2.- Error en la apreciación de la prueba, al no ser capaces los testigos de concretar los síntomas de ingesta de alcohol que presentaba el acusado, siendo lo cierto que el olor a alcohol no puede estimarse como presunción de la ingesta ni determinar la merma de facultades para la conducción si no va acompañada de otros indicios. También destaca que la medición de la tasa de alcohol se produjo a las 14:38, esto es, casi tres horas después de los hechos. 3.- Infracción de precepto legal, por falta de concurrencia de los elementos típicos del delito del artículo 379 del Código penal .

4.- en último lugar entiende que debe ser apreciada la circunstancia atenuante muy cualificada de dilaciones extraordinarias del artículo 21.6 del Código Penal . Y ello porque la sentencia no se notifica hasta seis meses después de su fecha, y porque no se facilitó a la defensa la copia del DVD que contiene la grabación del juicio hasta un año después de solicitada. Por todo ello concluye que, revocando la sentencia apelada se decrete la libre absolución del recurrente, y con carácter subsidiario, se estime la atenuante de dilaciones indebidas y se condene al acusado a la pena de seis meses multa a razón de cuatro euros diarios.

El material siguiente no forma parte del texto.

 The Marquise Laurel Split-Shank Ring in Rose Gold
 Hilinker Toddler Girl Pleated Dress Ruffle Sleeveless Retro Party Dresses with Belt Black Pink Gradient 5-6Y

El Ministerio Fiscal en su informe (folios 263 y 264) se opone a la estimación del recurso de apelación.

.

SEGUNDO.-Con carácter previo al análisis particular de los motivos de impugnación en que se sustenta el recurso que origina esta alzada, resulta procedente el invocar algunas consideraciones generales sobre la naturaleza y alcance del Recurso de Apelación, tal como ha venido a configurarse no sólo en su regulación legal, sino además en su delimitación jurisprudencial. Según constante doctrina, de la que -entre otras muchas- son exponente las Sentencias del Tribunal Constitucional 102/1994 , 17/1997 y 196/1998 , la apelación ha venido considerándose como un recurso ordinario, omnicomprensivo y abierto, sin motivos de impugnación tasados y tipificados que da lugar a un nuevo juicio con posibilidad de revisar, tanto los elementos de hecho como de derecho, contenidos en la sentencia de instancia. Ahora bien, como asimismo ha reflejado esta misma Sección, 'Este carácter de nuevo juicio que se otorga a la apelación no impide que, en relación con las pruebas testificales y declaración de los implicados, el juzgador de instancia se encuentre en una posición privilegiada para su valoración, pues al llevarse a cabo la actividad probatoria en el acto del juicio con observación del principio de inmediación, se pueden apreciar por el mismo una serie de matices y circunstancias que acompañan a las declaraciones, que no pueden ser apreciadas por el Tribunal de apelación, y que sirven, en muchos casos, para establecer quien o quienes son los declarantes que se ajustan a la realidad, y, en definitiva, evaluar la prueba conforme a los parámetros de los artículos 741 y 973 de la L.E.Crim ' ( SAP Madrid, de 26.3.2013. ROJ: SAP M 6657/2013 ).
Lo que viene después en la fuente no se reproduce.